Search for 9/11 victims continues| Thomas Urbain 11 Sep 2018
Seventeen years on, 1,111 victims of the hijacked plane attacks on the World Trade Center have yet to be identified.
But in a New York lab, a team still works to identify the remains, with technological progress on its side. Day in, day out, they repeat a protocol dozens of times.
First they examine a bone fragment found in the ruins of the Twin Towers. It has to be matched to DNA, so cut and ground to a dust the bone is mixed with two chemical products that can expose and extract DNA. But success is not guaranteed.
"The bone is the hardest biological material to work with," says Mark Desire, assistant director of forensic biology at the Office of the Chief Medical Examiner. "On top of that, when they're exposed to things that were present at Ground Zero - fire, mold, bacteria, sunlight, jet fuel, diesel fuel - all these destroy DNA."
The 22,000 pieces of human remains found at the site since the attacks have all been tested - some 10 or 15 times.
So far, however, only 1,642 of 2,753 people who died in New York have been identified. Several years can pass without the lab adding a name, but no one is giving up.
"These are the same protocols we had in 2001, but we were able to improve the process for each steps out of necessity," says Desire of the best equipped and advanced lab in North America.
In July, almost 12 months since the last identification, the lab added another name - Scott Michael Johnson, a 26-year-old financial analyst who worked on the 89th floor of the South Tower.
"I felt really good," says Veronica Cano, one of the team's criminalists. "We are trained to not be affected, but we do. Still, I try to be professional and bring closure to families."
The lab only dedicates part of its work to 9/11 identification, handling other deaths and disappearances.
The team works two kilometers from what was known as Ground Zero, and families of victims sometimes stop by.
"It's hard not to be emotional because of the hugs and thank yous," says Cano.
The role of relatives is critical as only a comparison of the DNA of the remains with a sample provided by a family can allow identification.
The forensic examiner's office holds about 17,000 samples, but none for about 100 victims, which makes it a vain effort to pursue identification for those remains.

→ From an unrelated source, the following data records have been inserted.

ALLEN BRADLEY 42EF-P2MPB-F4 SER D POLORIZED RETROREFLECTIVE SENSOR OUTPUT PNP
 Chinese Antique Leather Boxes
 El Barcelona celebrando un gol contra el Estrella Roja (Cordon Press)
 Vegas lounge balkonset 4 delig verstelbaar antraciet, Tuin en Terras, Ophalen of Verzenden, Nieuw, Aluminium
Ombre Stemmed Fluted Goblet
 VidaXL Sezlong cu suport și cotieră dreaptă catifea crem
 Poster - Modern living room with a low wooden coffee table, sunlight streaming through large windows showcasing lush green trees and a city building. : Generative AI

But when there is a 9/11 match "it brings you back to that day, the horrific way they died," says Mary Fetchet, who lost son Brad, 24, when the towers came down. "But it gives you some solace that you're able to give your loved one a proper burial."
Fetchet cofounded Voices of September 11, a group that helps address the long-term needs of those impacted by 9/11 and other tragedies.
In Manhattan, Desire is the only original member of the forensic team still on the project.
"This has defined my career," he says. "We're very close with the families, and that's uncommon for forensic scientists. We're all trained to be impartial, to be unbiased, to not get emotional. But the World Trade Center is different."